李北辰偏過身,語氣淡淡中帶著幾分高興,“改變主意了?”
“嗯。”江月白低低地應了一聲。
她垂著眸子,盯著李北辰腰間“呼啦圈”樣腰帶上的鏤空玉石,上麵鏤空雕刻的龍和雲紋好精致。
“正好。快回去睡。”李北辰並不覺得江月白出爾反爾,反而憐惜地望著她。
一天這麼折騰,恐怕真的很痛。量力而行不是壞事。
江月白鼓起勇氣,用認真地眼神望著皇上,“皇上,臣妾有件事想求您。”
“嗯?”
“臣妾想求皇上這麼晚還是不要出門了。
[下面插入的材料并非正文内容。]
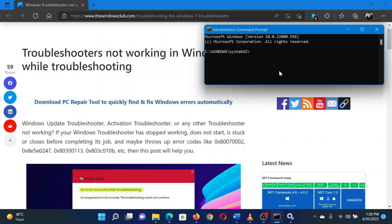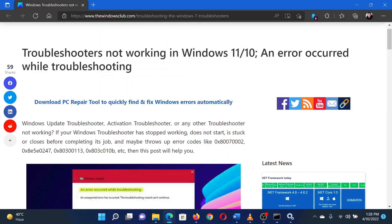In the elevated Command Prompt window, type the command 'sfc space forward slash scan now' and hit Enter to invoke the SFC scan. Reboot the system once the scan has completed.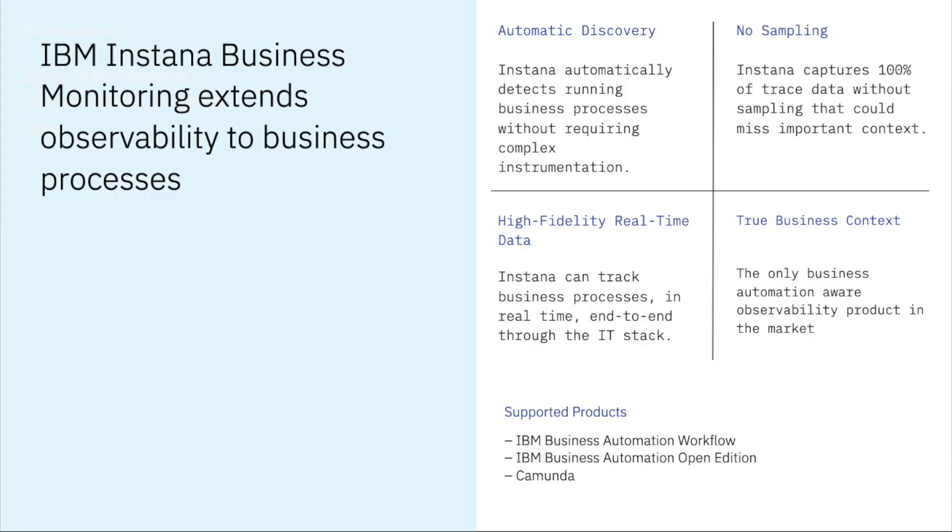Instana observability for business monitoring automatically discovers, captures, and correlates business data to enable real-time, end-to-end visibility into your business applications and processes.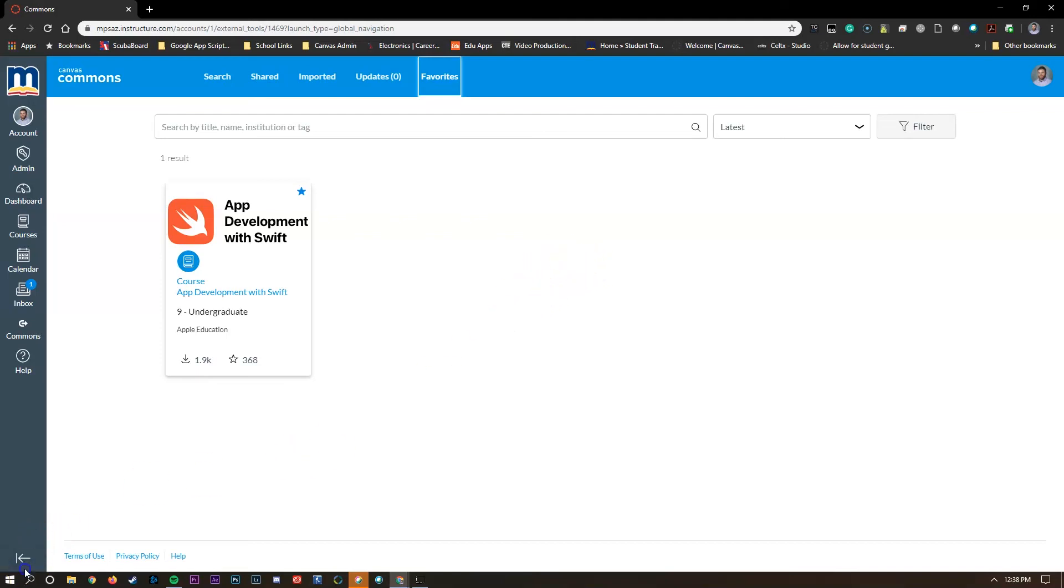So hopefully this was a short overview of Canvas Commons. If you have any questions, please contact your OIDCs or contact any EdTech team member. Thanks and have a great day!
外麵黑黢黢的容易有壞人。而且按照宮規,妃嬪小產十日之內,皇上不可探望,以免衝撞了血氣。如果皇上允許,臣妾可代為探視夏嬪娘娘。臣妾......”
江月白話未說完,李北辰就將她摟在懷裡,“朕知道,你不是為了貪圖名利。你在擔心朕的安全。”
他喜歡看江月白披著他的披風的模樣,颯爽中透著俏皮。
李北辰想了想,江月白今晚跟著去不一定是壞事,坐實了她禦前侍衛的身份,暫時先堵住悠悠眾口。
“既然你堅持,那就一起去。朕一會兒就在外麵,不進去。”
江月白知道拗不過老板,隻好默默地跟著老板坐進了轎輦。徐福海安排另外一輛馬車去接薑太醫。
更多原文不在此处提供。